Sin duda alguna, esta Epifanía nos enseña a todos lo que verdaderamente hay que ver: la humildad de Jesucristo nacido niño. Así lo pregonaba san Buenaventura en el siglo XIII y así lo recordaba Francesco Patton, custodio de Tierra Santa, en su reciente visita a Salamanca con motivo de la bendición del Cristo de la Humildad realizado por el escultor Fernando Mayoral para la Hermandad Franciscana del Santísimo Cristo de la Humildad.

Esa humildad del Niño que nace de la pobreza más absoluta continuará en la humildad del hombre desposeído de todo bien y degradado por el sufrimiento y la muerte infame. Las suaves florecillas serán ahora hirientes clavos; los árboles del bosque, maderos del patíbulo. Y es ahí, en el dolorosísimo instante de la muerte, en la postrera exhalación, donde Mayoral se encuentra con el rostro de Cristo, con el rostro de un hombre vejado, golpeado hasta la extenuación, denigrado y vilipendiado y lo transforma en el rostro de la humildad auténtica.

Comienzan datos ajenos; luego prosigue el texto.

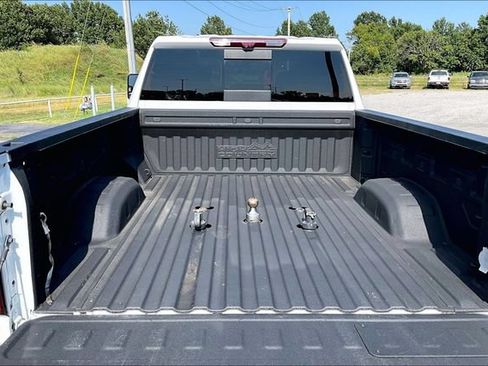 Used 2024 Chevrolet Silverado 2500 High Country w/ High Country Premium Package AWD/4WD image 7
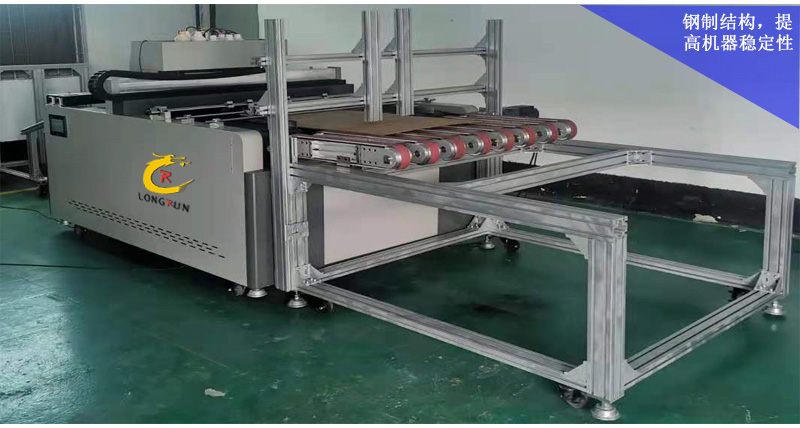紙箱流水線無版印刷機(jī)采用全鋼制結(jié)構(gòu)，提高機(jī)器穩(wěn)定性。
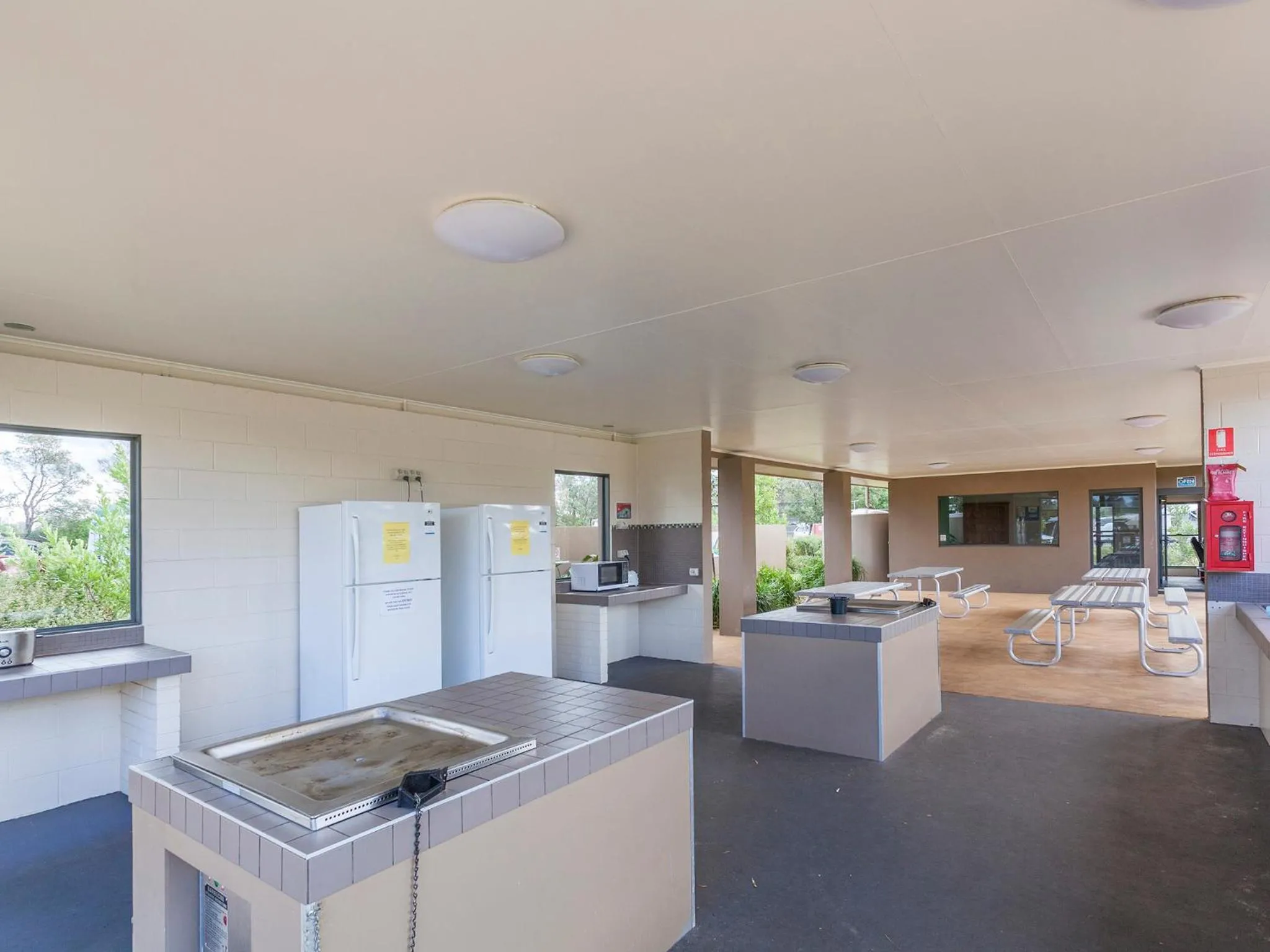 BBQ facilities in NRMA Eastern Beach Holiday Park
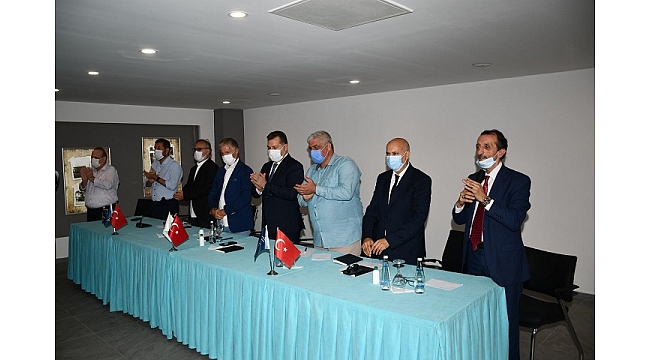 Gazeteciler'den Yunan Gazetesine alkışlı protesto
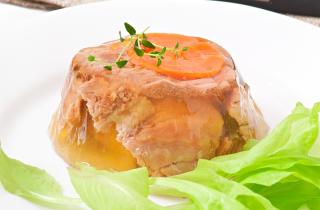 Заливное из грибов готовится с шампиньонами — повар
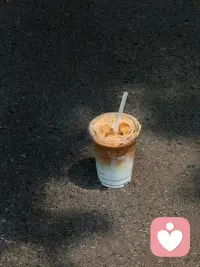 有时，摆在我们面前的选项都不理想，或代价过高。此时强行选择，往往意味着伤害自己或他人。停一停，恰恰是为了创造新的可能。配图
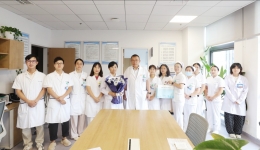 铸魂强基守初心 德高技精践使命——我院开展第九个“中国医师节”走访慰问活动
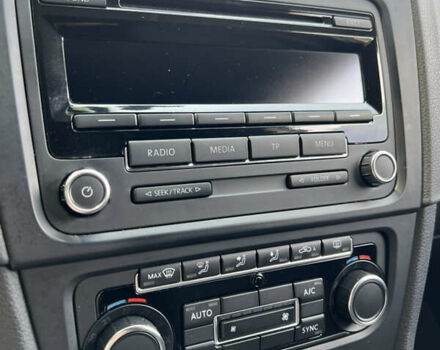 Белый Фольксваген Гольф, объемом двигателя 1.6 л и пробегом 228 тыс. км за 7900 $, фото 18 на Automoto.ua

Tiempo habrá de analizar con detenimiento los valores estéticos de este portentoso crucificado de Mayoral llamado a perdurar en los tiempos. De reflexionar sobre su atrevida iconografía, de examinar su fantástica policromía que aparece y desaparece poniendo fin a esa estética neobarroca de relamido colorido. Tiempo para reflexionar sobre la fuerza y plasticidad de este Cristo que interpela al hombre contemporáneo con fuerza y vigor.

Sirvan estas líneas para animar a los lectores a la contemplación del verdadero rostro de Cristo hecho hombre, despojado de oropeles, privado de la divinidad. Que cuando con nuestras mejores galas acudamos a saludar a Sus Majestades de Oriente e integremos su cortejo como los florentinos del Quattocento, no nos olvidemos de concluir el ciclo litúrgico con la contemplación de la imagen de la humildad más absoluta: el Cristo de la Humildad del gran Fernando Mayoral que acoge la iglesia de San Martín.